The only circumstance in which a jury might need an explicit "affirmative act" instruction (assuming without deciding that the Jacobs decision is correct) is if the Government were planning to prove that (i) Ms. Kuciapinski passively obtained or absorbed procurement information yet somehow did so with the required intent, or (ii) Ms. Kuciapinski obtained the procurement information through no effort of her own (e.g. , accidentally) and later formed the intent to profit from it or to obtain or give a competitive advantage. The Court does not understand the Government to be advancing either theory. Nor is the Court aware of any intent on Ms. Kuciapinski's part to convince the jury that whatever procurement information she received, she received it unsolicited (i.e. , without any "affirmative act" on her part). At this stage, then, there is no reason to consider an explicit "affirmative act" instruction.
5. Wrongful Intent
Lastly, Ms. Kuciapinski argues that the jury must receive an instruction about "wrongful intent" based on legislative history of the former 41 U.S.C. § 423 : "The criminal penalties apply only to ‘knowing and willful’ violations. The willfulness requirements means that wrongful intent must be shown to prove a criminal violation. Where this intent cannot be shown, a civil action may be appropriate, but a criminal action is not." (ECF No. 196 at 8 (quoting Congressional Record—Senate, Oct. 20, 1988, Comments on The Procurement Integrity Component of S. 2215, p. 32158) (emphasis removed).)

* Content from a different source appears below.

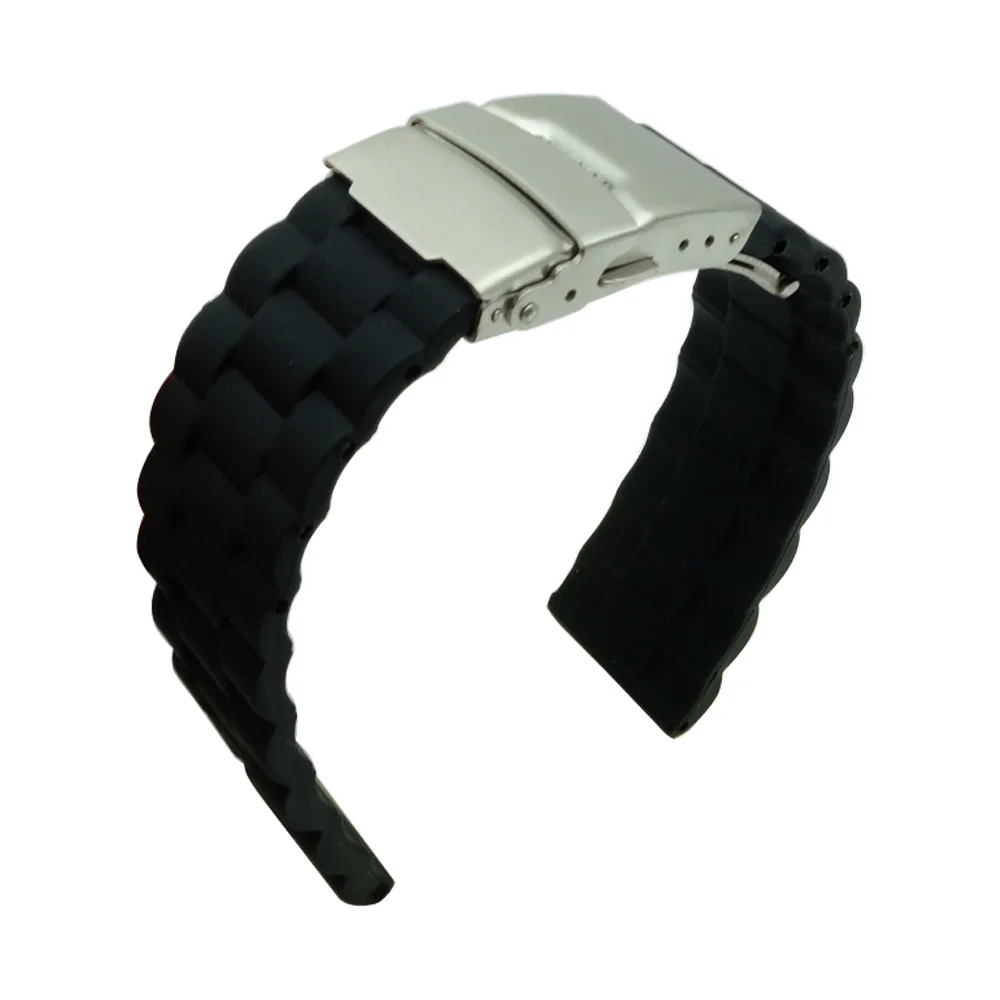 

For Any watchband 20 22 mm Rubber Watch Band Strap Straight End Bracelet Stainless Steel Double Folding Clasp Watchband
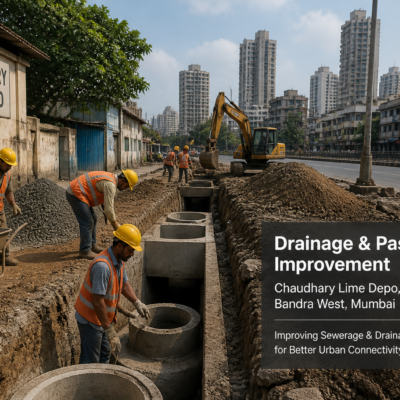 Civil works on drainage and passage improvement near Chaudhary Lime Depo in Bandra West, Mumbai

The only explicit mens rea in the current version of the statute ( § 2102 ) is "knowingly." Moreover, as already addressed multiple times, § 2105(a) specifies the necessary additional intent that transforms a § 2102 violation into a crime. There is no freestanding "wrongful intent" element on which the jury must be instructed.
6. Aiding & Abetting
The Government's response brief asserts that Ms. Kuciapinski has been charged with aiding and abetting a § 2102(b) violation, and proposes a jury instruction in this regard. (See ECF No. 203 at 4–5.) Ms. Kuciapinski, in her reply brief, correctly points out that that the Superseding Indictment only charges her with directly committing the § 2102(b) crime, not with aiding and abetting such a crime. (ECF No. 215 at 3–4; see also ECF No. 204 at 18–20.) Accordingly, absent a further superseding indictment to charge the aiding and abetting offense, the Court will not give an alternative aiding and abetting instruction as to the § 2102(b) charges against Ms. Kuciapinski.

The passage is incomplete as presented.